Lack of Fiscal Cliff progression douses market enthusiasm
By Tim Waterer (Senior Trader, CMC Markets)
The market relief over a debt deal for Greece lasted about 5 minutes before investor attention changed course towards the as-yet unresolved Fiscal Cliff. The rhetoric emanating from Washington in recent days has not exactly filled traders with an abundance of confidence that a deal will get done comfortably before the deadline. Investors had feared that the discussions between Republicans and Democrats would be a long, drawn out process and this is exactly what appears to be playing out on Capitol Hill.
With a lack of development over the US budget talks dousing some recent market enthusiasm, the run higher in ‘risk’ assets has for the moment stalled, much like the Fiscal Cliff discussions themselves it would seem. As a result, there is an uptick in US Dollar buying which has translated into weakness among commodities like gold and oil, with traders making a slight lean towards the side of caution. Shares across Asia followed the tone set by Wall Street with weakness the theme of the day.
And while the equity market weakness was not of the ‘game changing’ variety, it was enough to keep the major bourses trading in red numbers given new no developments on the Fiscal Cliff front. The resource stocks were the most notable under-performers on the Australian market, with commodity prices taking a downturn due to the lack of progression from US budget talks.
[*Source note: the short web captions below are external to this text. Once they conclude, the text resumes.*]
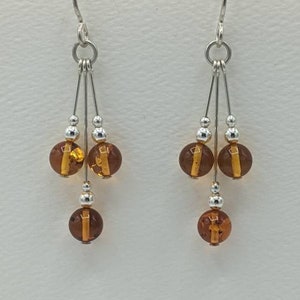 Sterling Silver Amber Earrings, Elegant Lightweght Gemstone Jewelry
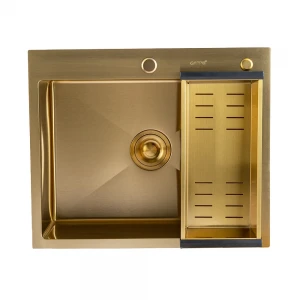 GS 6050-3 мийка 600*500 нерж. сталь  SUS 201 сифон+коландер (ЗОЛОТО PVD покрит.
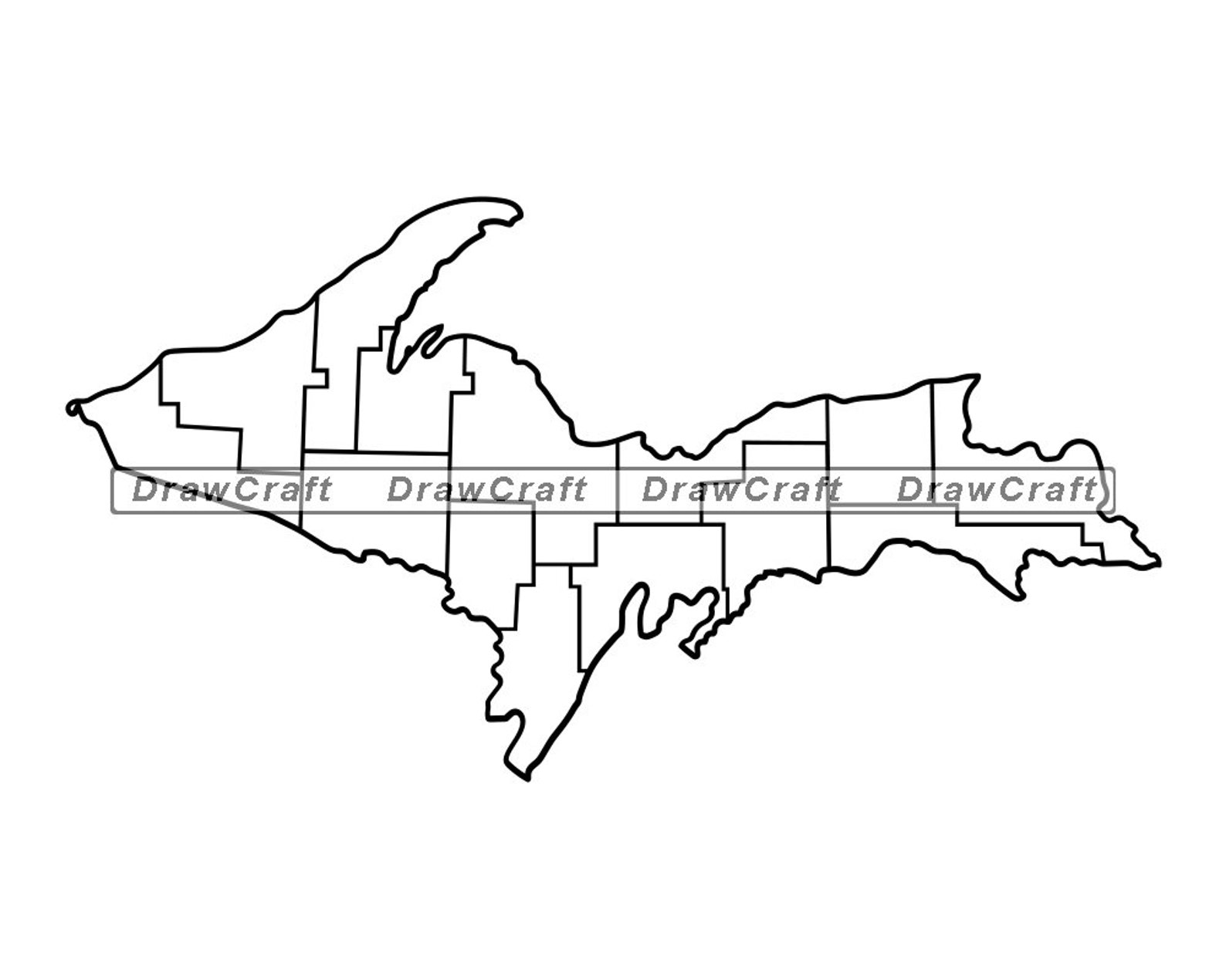 Michigan Upper Peninsula Svg Michigan Svg Michigan Map Svg Etsy
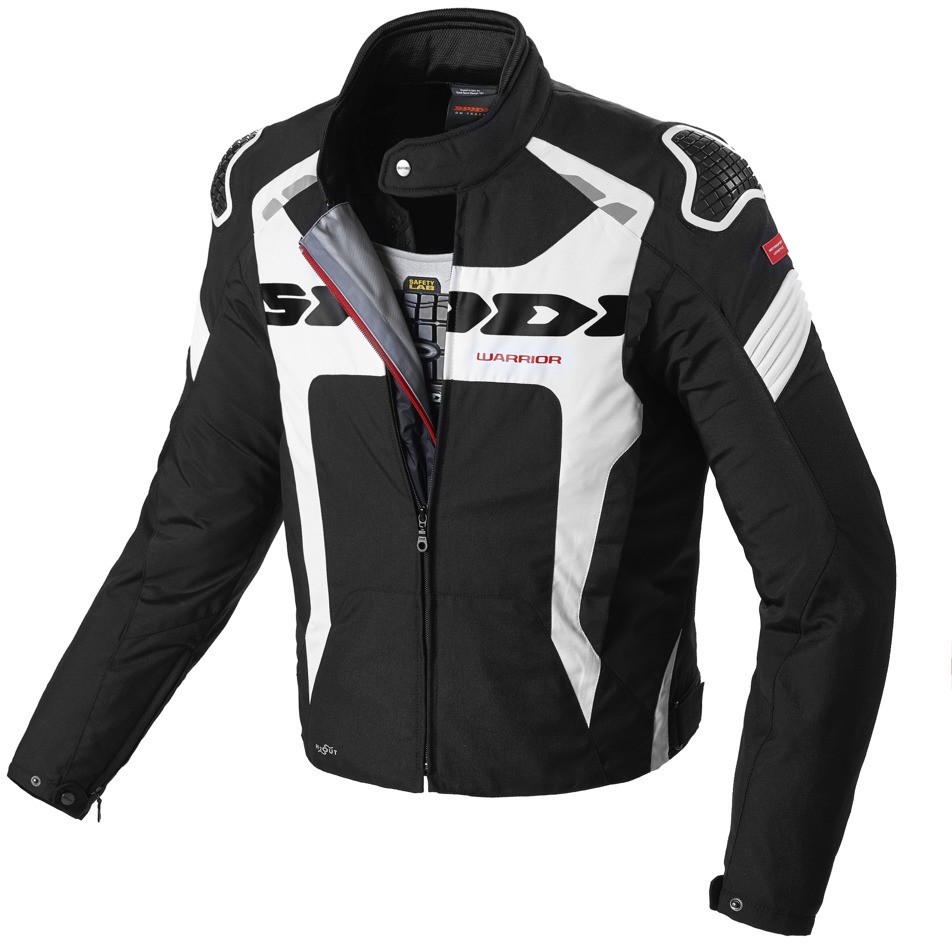 SPIDI WARRIOR D206 011 H2OUT Męska wodoodporna kurtka motocyklowa na motocykl sportowy czarno-biała : Rozmiar - 2XL SD-D206-011-XXL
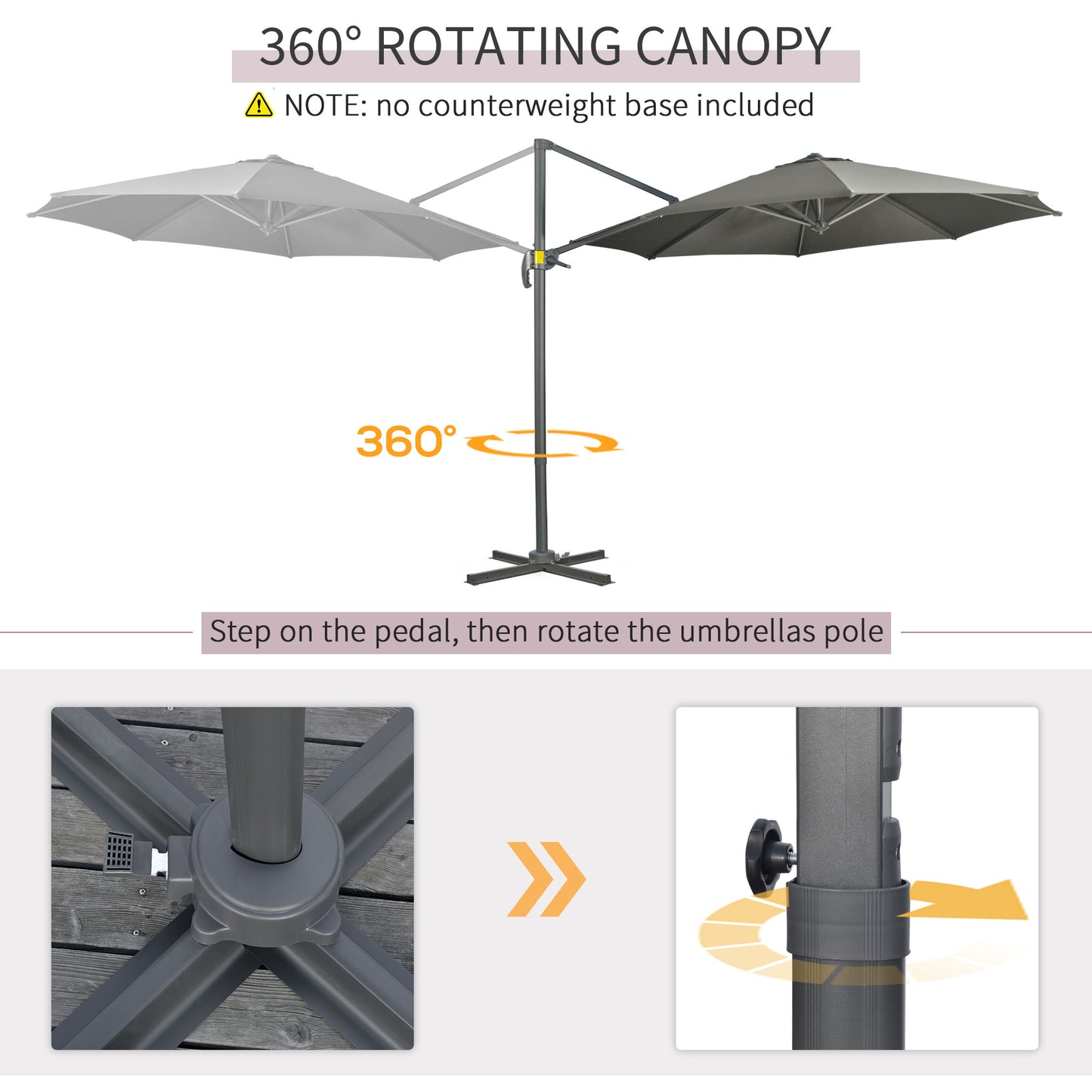 3 x 3(m) Cantilever Parasol with Cross Base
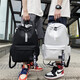 2020 new school bag men's backpack female junior high school students start school bag casual simple fashion trend canvas bag backpack all-match high school students black with sachet + bear ornament 2020 new school bag men's backpack female junior high school students start school bag casual simple fashion trend canvas bag backpack all-match high school students black with sachet + bear ornament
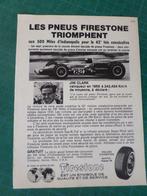 Jim Clark - publicité papier - pneus Firestone - 1965, Verzamelen, Ophalen of Verzenden, Gebruikt, Overige typen
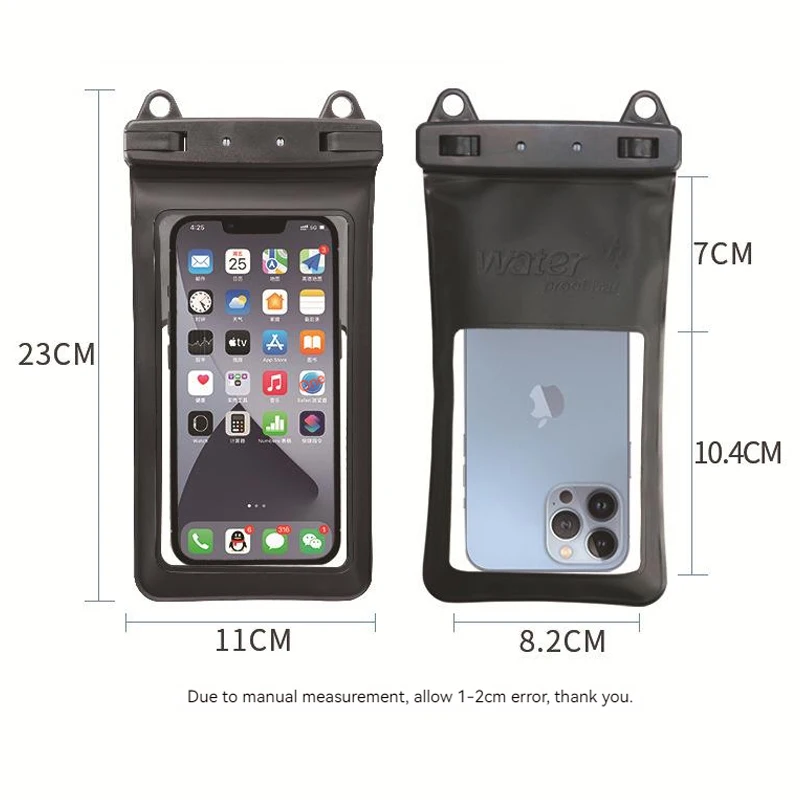 7.5 Inch Waterproof Phone Bag Diving Swimming Phone Case Cover Touch Screen Takeaway Rider Holder Beach Seaside Cellphone Pouch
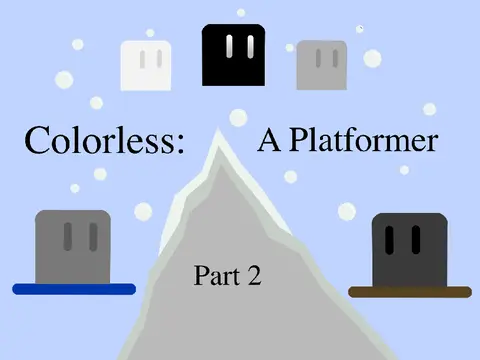 Colorless platformer part 2 logo cover featuring extreme difficulty and world record trials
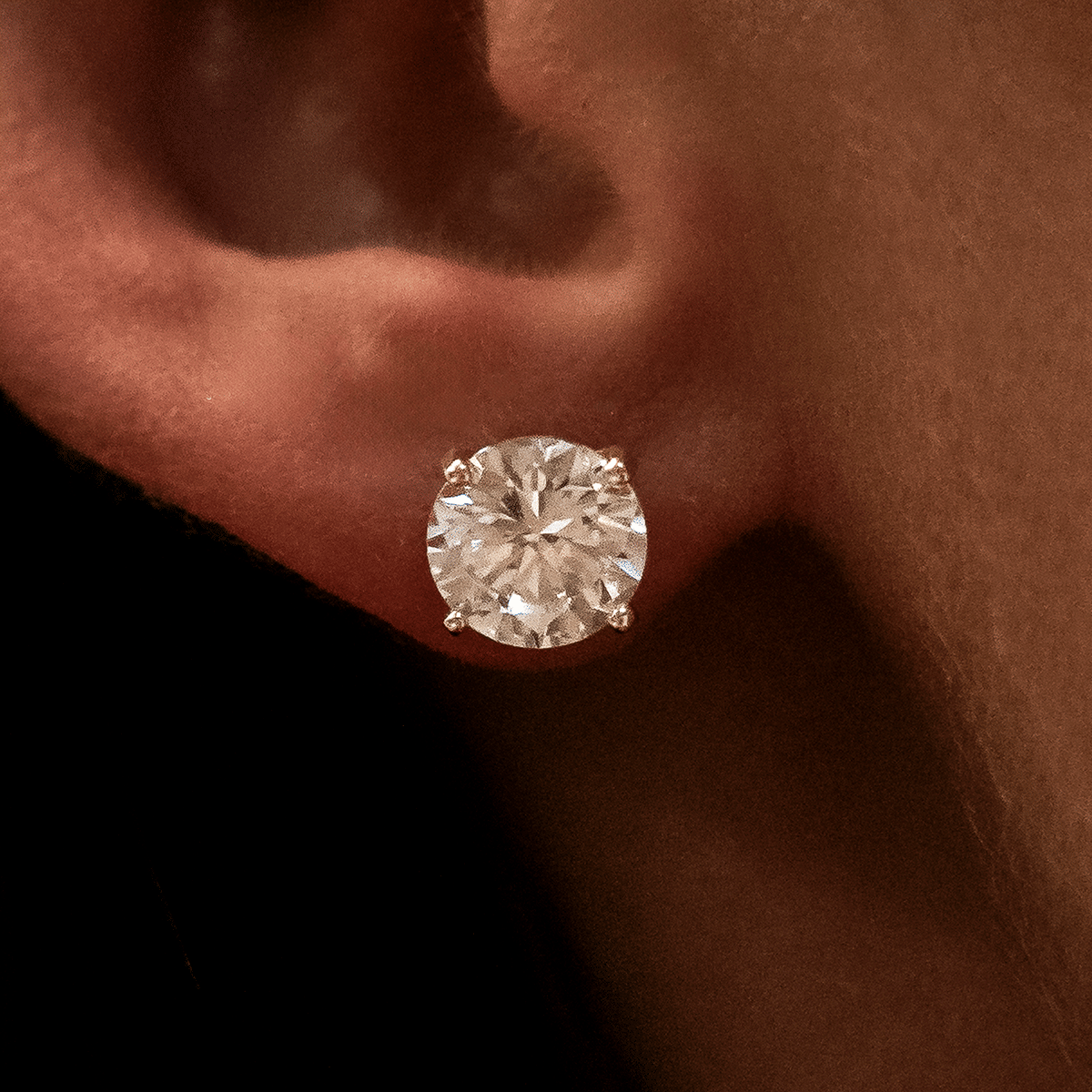 GLD Women 8mm Round Cut Diamond Stud Earrings in Yellow Gold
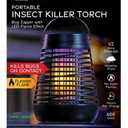 PIC Portable Bug Zapper, 600V Solar Powered Insect Trap & Fly Zapper for Outdoor Use, LED Flickering Flame, Activates Automatically in Dark, Weatherproof Outdoor Fly Trap, Kills Bugs on Contact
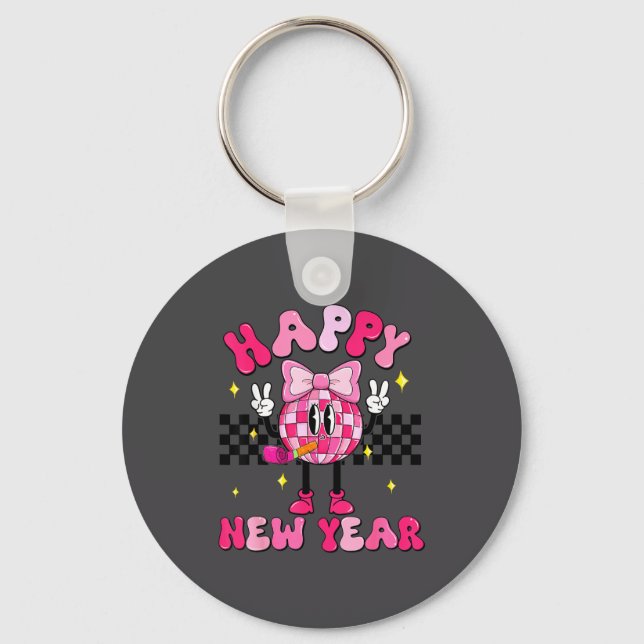 Llavero Checkered Happy New Year 2026 Disco Ball New Year  (Anverso)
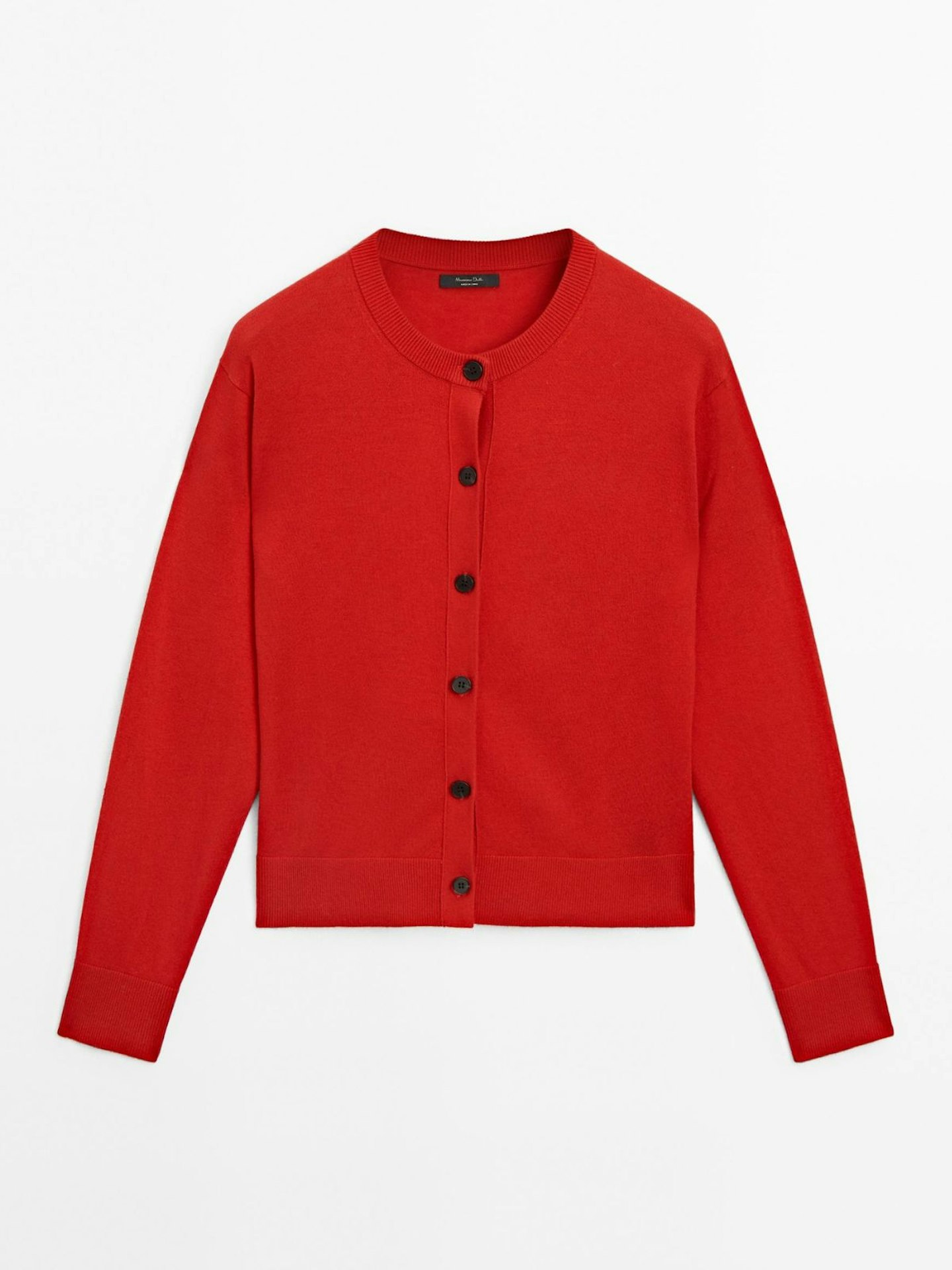 Crew Neck Knit Cardigan - Red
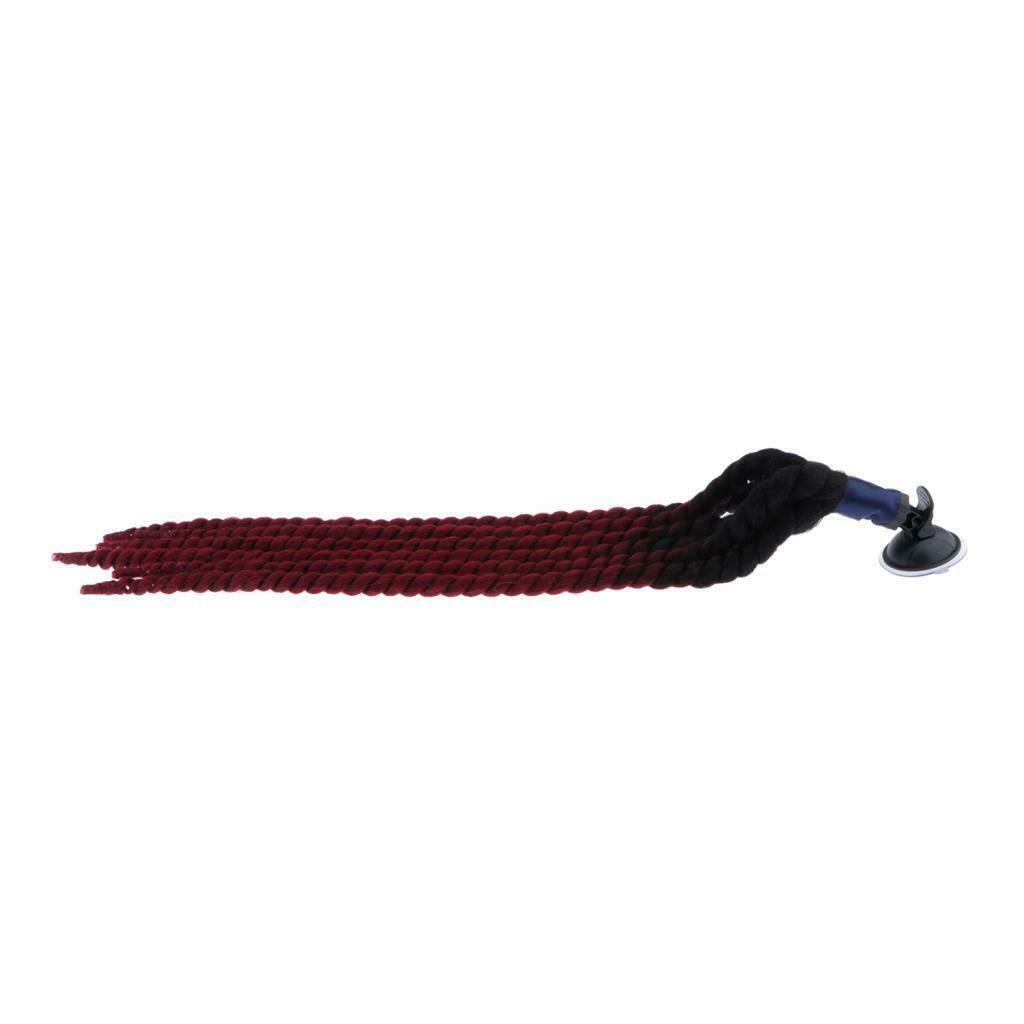 Hand-made Helmet Braids / Ponytail Motorcycle Helmet Wig Hair Wine Red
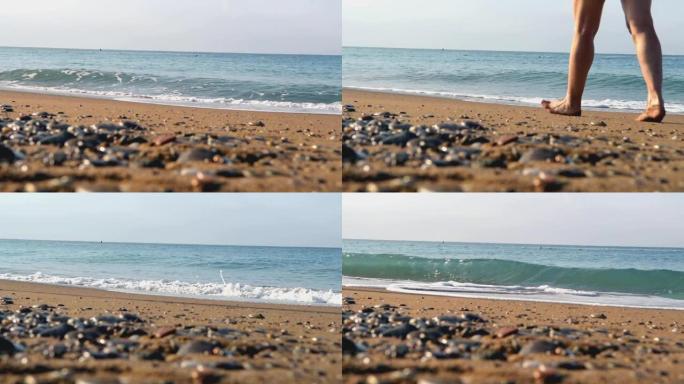 土耳其海岸平缓海浪的冲浪。沙滩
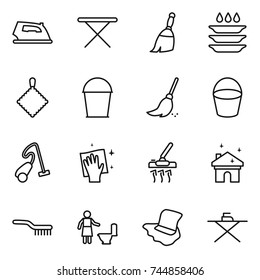 thin line icon set : iron, board, broom, plate washing, rag, bucket, vacuum cleaner, wiping, house cleaning, brush, toilet, floor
Overall, much of the buying momentum enjoyed in the last week or so seems to have dissipated with the gap over the Fiscal Cliff discussion still some way from being closed. However at the first sign of forward progression from US politicians I would expect the market to again be pepped up on expectations that a deal will eventually get done, albeit at the eleventh hour. But until then, the global financial market will be hanging on every word from Washington.